*** Block opens ***
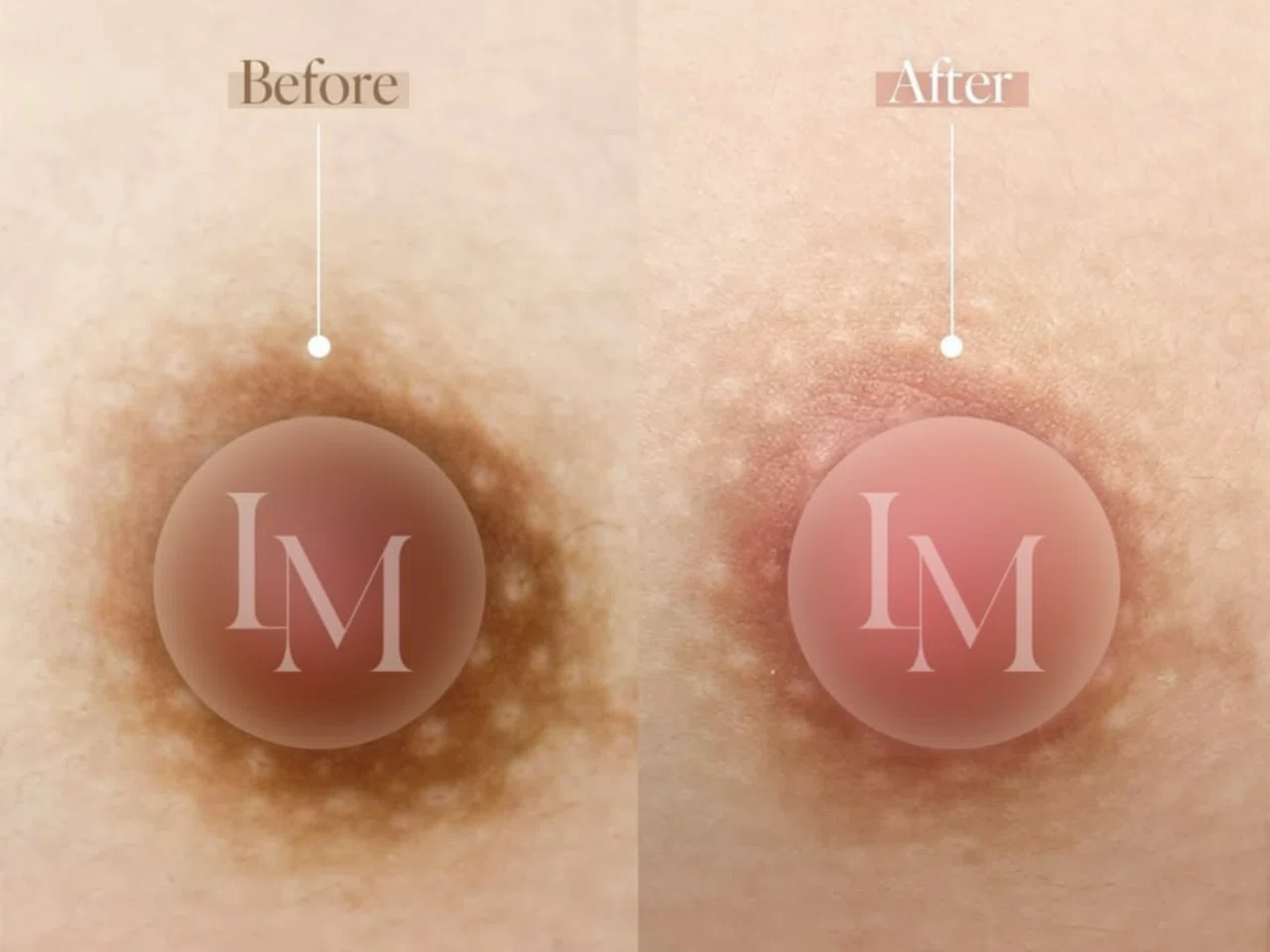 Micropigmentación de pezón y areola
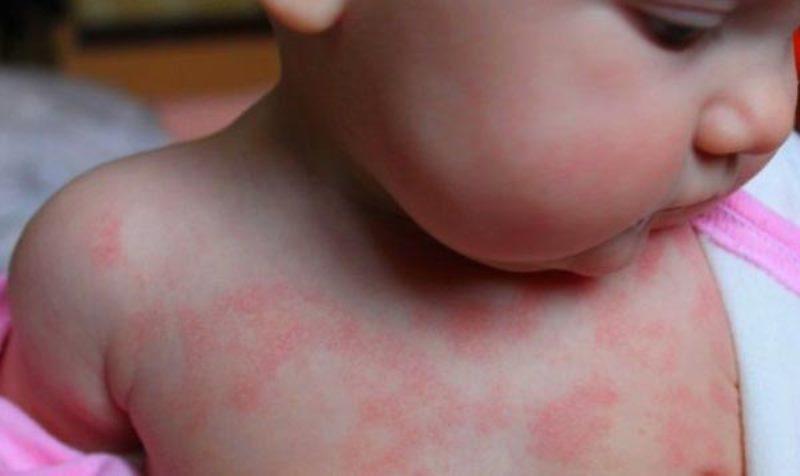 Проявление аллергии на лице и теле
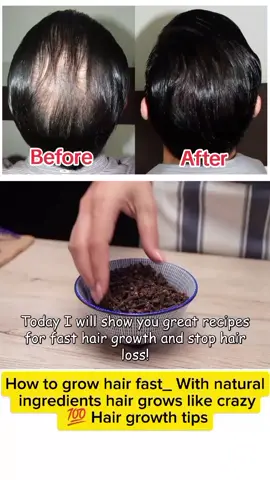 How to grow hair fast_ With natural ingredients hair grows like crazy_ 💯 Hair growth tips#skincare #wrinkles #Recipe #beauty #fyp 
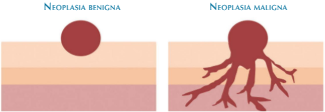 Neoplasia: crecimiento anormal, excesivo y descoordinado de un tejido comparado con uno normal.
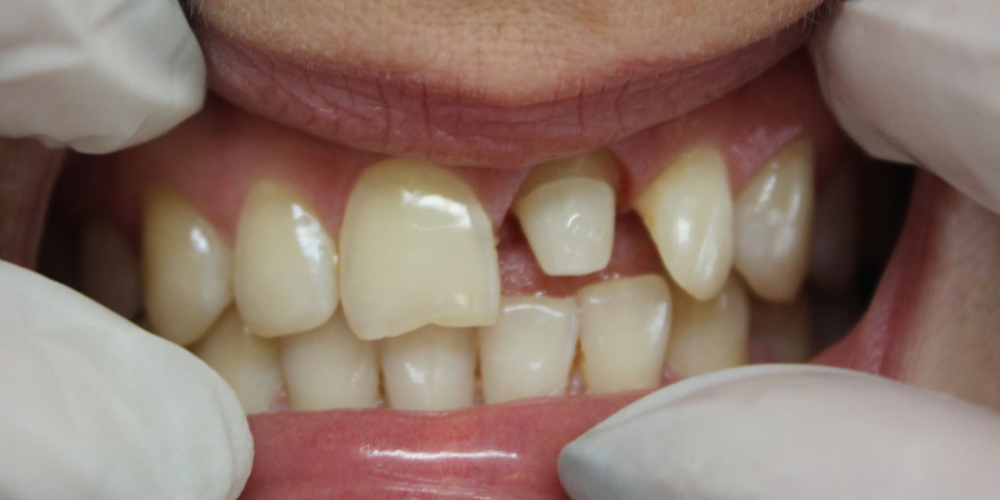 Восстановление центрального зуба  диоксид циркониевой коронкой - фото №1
*** Block closes ***
▶ [Exercise requirements] Print, please, exactly the lines from the one holding "How to grow" through the final line of the data, both included, while leaving out each picture.

▶ [Response]
 How to grow hair fast_ With natural ingredients hair grows like crazy_ 💯 Hair growth tips#skincare #wrinkles #Recipe #beauty #fyp 
 Neoplasia: crecimiento anormal, excesivo y descoordinado de un tejido comparado con uno normal.
 Восстановление центрального зуба  диоксид циркониевой коронкой - фото №1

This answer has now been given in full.